§ **What is being asked**
Copy out all the lines in the records that include the word "small".

────────────────

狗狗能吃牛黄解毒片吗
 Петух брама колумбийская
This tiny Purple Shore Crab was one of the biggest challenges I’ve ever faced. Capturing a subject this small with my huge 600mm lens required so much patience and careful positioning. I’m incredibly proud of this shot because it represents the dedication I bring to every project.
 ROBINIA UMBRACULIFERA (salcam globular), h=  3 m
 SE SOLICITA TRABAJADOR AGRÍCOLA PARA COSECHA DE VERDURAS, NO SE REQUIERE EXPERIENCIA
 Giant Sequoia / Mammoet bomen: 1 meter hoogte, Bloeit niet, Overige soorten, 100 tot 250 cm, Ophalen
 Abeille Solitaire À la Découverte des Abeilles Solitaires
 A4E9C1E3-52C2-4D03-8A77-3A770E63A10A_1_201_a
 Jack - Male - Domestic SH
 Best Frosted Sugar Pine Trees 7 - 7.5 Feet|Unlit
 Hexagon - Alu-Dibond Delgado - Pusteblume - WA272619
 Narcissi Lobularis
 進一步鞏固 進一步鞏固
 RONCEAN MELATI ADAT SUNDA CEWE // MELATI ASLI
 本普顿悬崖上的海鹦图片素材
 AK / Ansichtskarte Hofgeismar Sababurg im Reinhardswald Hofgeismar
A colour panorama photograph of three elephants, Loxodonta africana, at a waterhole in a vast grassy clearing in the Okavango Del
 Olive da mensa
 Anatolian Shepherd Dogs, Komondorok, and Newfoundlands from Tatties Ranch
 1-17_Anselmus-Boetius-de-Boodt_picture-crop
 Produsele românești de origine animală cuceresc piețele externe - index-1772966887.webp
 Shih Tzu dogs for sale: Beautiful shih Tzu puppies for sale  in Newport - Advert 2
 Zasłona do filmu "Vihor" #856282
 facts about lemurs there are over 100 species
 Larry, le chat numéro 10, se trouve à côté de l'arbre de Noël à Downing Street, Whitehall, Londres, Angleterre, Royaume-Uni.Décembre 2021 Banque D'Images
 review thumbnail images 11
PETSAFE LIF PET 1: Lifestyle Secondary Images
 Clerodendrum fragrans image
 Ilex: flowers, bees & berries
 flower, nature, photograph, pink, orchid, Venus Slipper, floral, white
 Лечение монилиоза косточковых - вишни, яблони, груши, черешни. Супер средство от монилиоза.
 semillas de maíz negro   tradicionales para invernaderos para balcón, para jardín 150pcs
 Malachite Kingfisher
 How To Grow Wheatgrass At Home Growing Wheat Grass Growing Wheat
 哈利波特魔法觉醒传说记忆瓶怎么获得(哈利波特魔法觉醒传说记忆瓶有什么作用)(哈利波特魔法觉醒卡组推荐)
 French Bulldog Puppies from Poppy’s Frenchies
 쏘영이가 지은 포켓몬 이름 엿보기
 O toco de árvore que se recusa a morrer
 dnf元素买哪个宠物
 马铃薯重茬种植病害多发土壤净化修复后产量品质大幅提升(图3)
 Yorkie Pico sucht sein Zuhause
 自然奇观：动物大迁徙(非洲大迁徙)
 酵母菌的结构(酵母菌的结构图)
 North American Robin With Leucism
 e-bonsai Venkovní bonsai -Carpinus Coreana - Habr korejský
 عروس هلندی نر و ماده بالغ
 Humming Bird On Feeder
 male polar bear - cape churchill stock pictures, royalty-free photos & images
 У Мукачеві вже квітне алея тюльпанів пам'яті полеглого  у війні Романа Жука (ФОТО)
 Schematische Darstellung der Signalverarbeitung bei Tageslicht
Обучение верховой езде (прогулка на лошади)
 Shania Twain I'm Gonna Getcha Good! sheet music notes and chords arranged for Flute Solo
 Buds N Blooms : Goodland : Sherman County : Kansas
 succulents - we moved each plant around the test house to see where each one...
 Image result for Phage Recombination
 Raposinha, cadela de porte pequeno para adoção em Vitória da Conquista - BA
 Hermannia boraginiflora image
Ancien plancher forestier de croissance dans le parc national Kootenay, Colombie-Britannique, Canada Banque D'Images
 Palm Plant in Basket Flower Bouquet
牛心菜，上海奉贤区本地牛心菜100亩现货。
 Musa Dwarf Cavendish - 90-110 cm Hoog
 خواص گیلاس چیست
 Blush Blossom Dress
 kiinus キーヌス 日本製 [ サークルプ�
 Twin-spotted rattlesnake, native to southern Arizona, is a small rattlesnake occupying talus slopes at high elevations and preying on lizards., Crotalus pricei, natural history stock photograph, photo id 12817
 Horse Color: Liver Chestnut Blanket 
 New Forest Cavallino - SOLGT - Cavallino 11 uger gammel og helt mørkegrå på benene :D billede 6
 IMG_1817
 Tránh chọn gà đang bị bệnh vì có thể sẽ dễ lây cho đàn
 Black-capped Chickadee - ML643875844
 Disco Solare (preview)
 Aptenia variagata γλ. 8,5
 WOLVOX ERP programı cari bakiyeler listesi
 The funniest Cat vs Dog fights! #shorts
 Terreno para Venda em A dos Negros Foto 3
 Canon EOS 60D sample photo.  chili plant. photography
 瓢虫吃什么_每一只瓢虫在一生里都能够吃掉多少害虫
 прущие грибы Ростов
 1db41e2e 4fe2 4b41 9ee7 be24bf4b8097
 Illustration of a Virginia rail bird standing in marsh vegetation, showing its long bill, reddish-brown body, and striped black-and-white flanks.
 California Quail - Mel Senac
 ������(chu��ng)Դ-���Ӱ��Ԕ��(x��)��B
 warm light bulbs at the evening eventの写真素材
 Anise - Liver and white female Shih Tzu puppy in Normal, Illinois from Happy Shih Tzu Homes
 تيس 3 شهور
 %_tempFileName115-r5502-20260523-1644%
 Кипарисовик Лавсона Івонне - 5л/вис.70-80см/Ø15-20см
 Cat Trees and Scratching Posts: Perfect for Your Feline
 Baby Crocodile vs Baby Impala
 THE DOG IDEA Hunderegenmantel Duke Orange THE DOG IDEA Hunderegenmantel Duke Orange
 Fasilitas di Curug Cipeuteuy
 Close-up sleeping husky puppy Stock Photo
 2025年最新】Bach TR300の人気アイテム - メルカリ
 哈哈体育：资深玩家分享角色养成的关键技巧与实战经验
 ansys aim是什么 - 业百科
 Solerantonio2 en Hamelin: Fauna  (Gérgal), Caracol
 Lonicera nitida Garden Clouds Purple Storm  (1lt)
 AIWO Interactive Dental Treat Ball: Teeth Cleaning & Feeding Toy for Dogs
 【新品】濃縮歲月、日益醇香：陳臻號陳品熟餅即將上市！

────────────────

§ **Your response**
This tiny Purple Shore Crab was one of the biggest challenges I’ve ever faced. Capturing a subject this small with my huge 600mm lens required so much patience and careful positioning. I’m incredibly proud of this shot because it represents the dedication I bring to every project.
 Twin-spotted rattlesnake, native to southern Arizona, is a small rattlesnake occupying talus slopes at high elevations and preying on lizards., Crotalus pricei, natural history stock photograph, photo id 12817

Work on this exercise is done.